> **Work required**
Nothing outside the range below should be printed. Output exactly the lines from the line with "To lock it, click" to the line with "So with that", both included.

> **Source data**
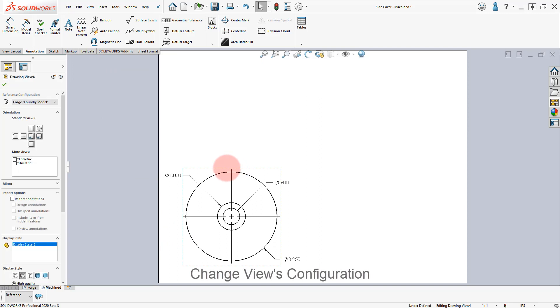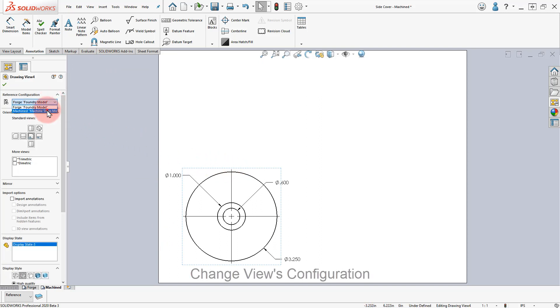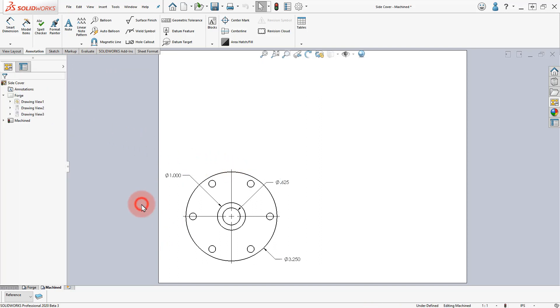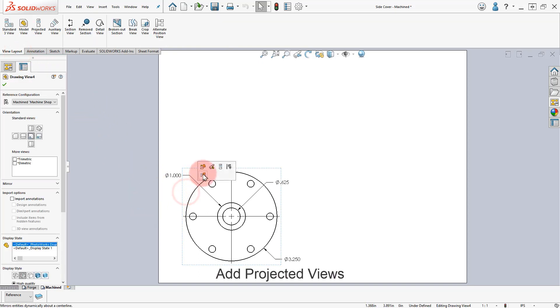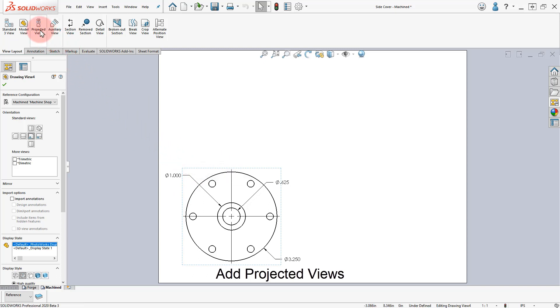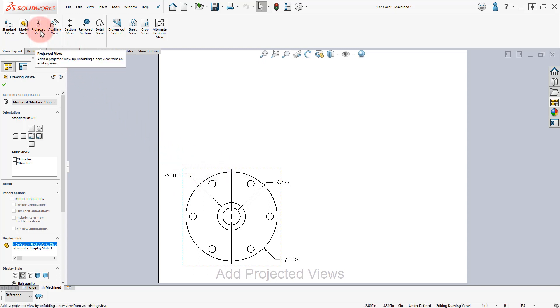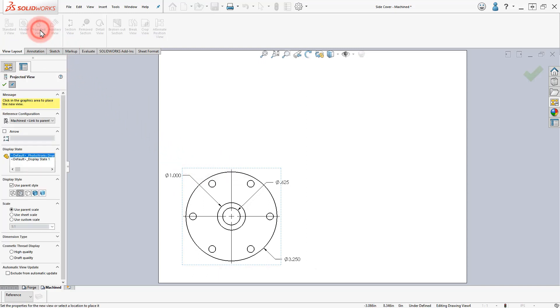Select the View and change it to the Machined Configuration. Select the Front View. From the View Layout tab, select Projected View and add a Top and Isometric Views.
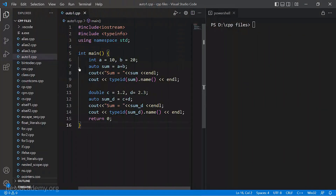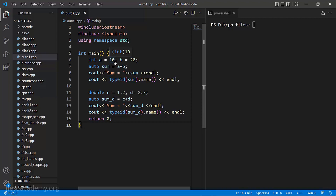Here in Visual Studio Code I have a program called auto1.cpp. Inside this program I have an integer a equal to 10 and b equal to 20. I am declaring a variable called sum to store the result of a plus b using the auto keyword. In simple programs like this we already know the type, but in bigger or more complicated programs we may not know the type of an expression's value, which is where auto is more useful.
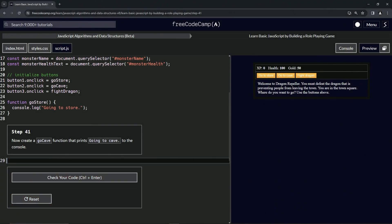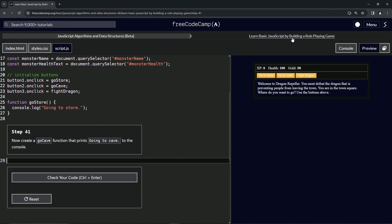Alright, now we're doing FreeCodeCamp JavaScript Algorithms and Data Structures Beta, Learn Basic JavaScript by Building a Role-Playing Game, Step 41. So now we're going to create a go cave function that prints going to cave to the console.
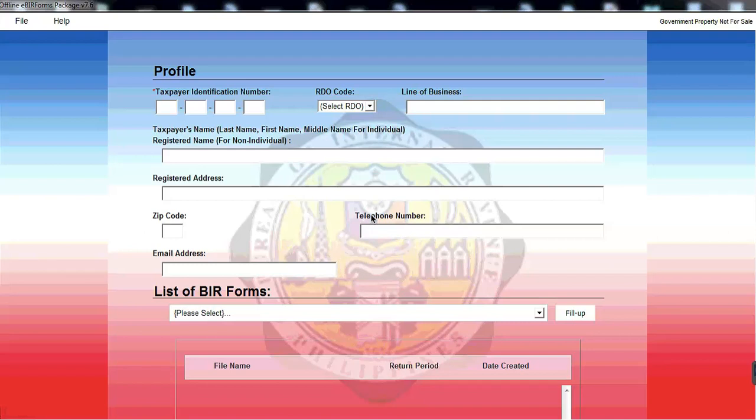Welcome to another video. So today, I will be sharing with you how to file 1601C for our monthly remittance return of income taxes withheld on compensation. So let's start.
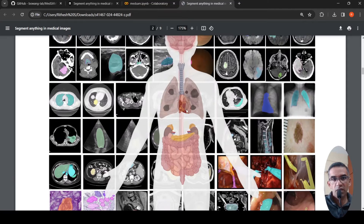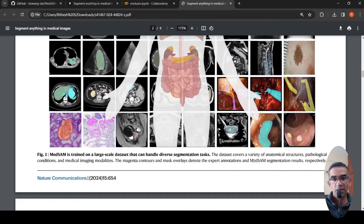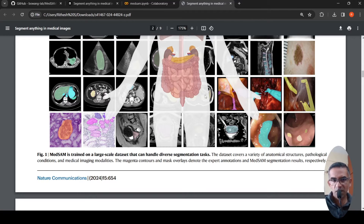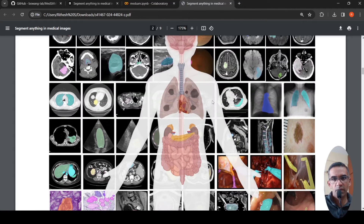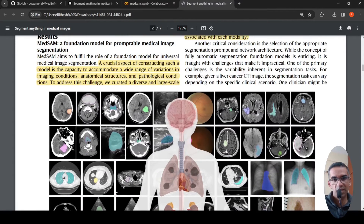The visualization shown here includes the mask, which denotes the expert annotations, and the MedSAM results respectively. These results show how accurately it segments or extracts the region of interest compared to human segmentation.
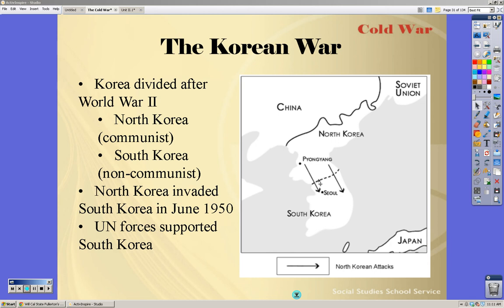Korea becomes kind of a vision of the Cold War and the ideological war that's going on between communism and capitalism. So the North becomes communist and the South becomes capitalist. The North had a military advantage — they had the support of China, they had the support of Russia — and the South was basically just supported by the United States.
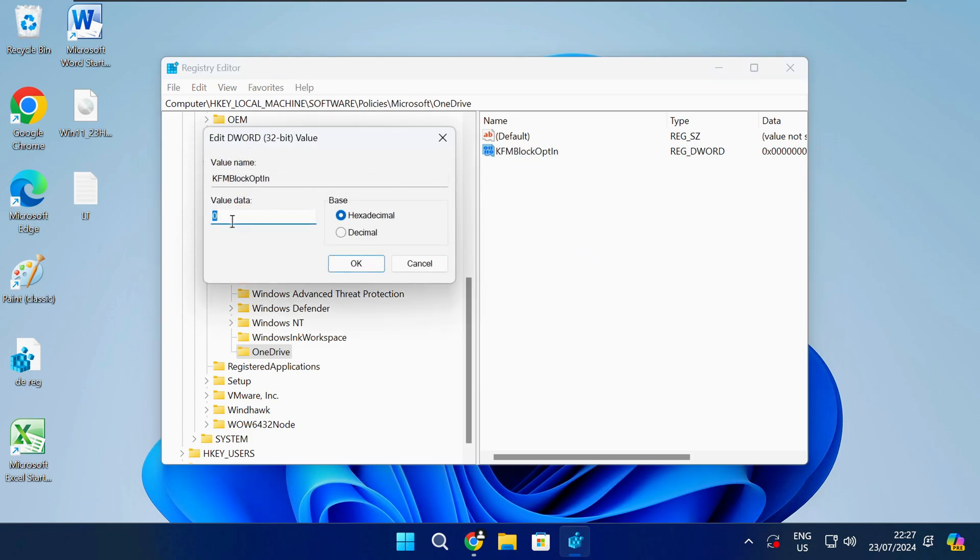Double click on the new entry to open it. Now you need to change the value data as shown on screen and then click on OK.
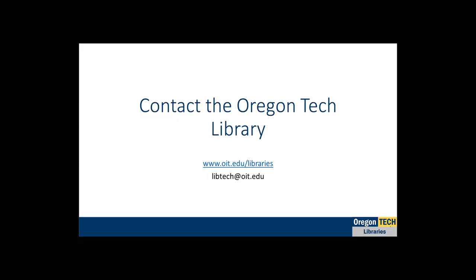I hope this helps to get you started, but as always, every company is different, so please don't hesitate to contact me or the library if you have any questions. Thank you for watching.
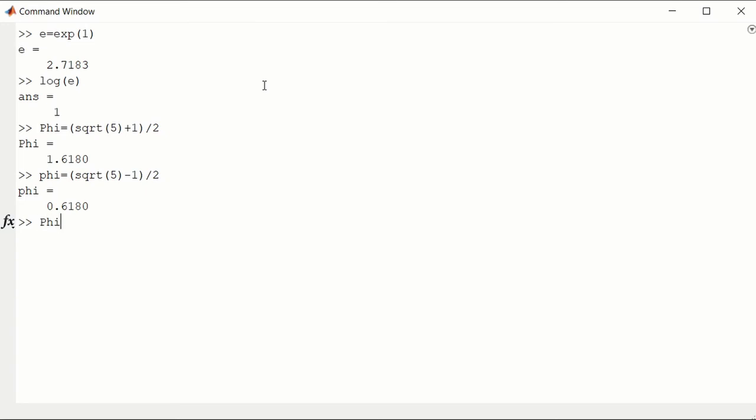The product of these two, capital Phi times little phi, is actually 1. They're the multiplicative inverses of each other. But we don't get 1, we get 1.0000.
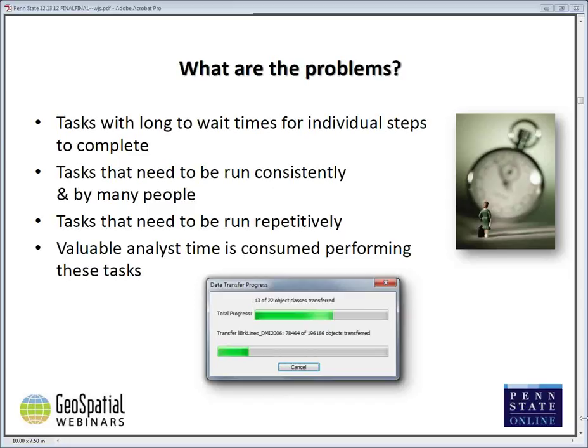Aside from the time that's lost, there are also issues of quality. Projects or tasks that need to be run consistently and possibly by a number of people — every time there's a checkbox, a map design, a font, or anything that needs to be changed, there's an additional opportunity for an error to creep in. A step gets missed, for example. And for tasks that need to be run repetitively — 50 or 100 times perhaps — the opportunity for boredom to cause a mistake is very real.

...

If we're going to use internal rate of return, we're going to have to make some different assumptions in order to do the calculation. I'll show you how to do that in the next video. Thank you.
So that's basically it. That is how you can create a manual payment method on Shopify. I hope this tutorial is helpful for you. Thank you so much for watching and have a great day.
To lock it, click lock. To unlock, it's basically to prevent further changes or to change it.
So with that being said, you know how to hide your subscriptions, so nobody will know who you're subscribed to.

> **Reply**
To lock it, click lock. To unlock, it's basically to prevent further changes or to change it.
So with that being said, you know how to hide your subscriptions, so nobody will know who you're subscribed to.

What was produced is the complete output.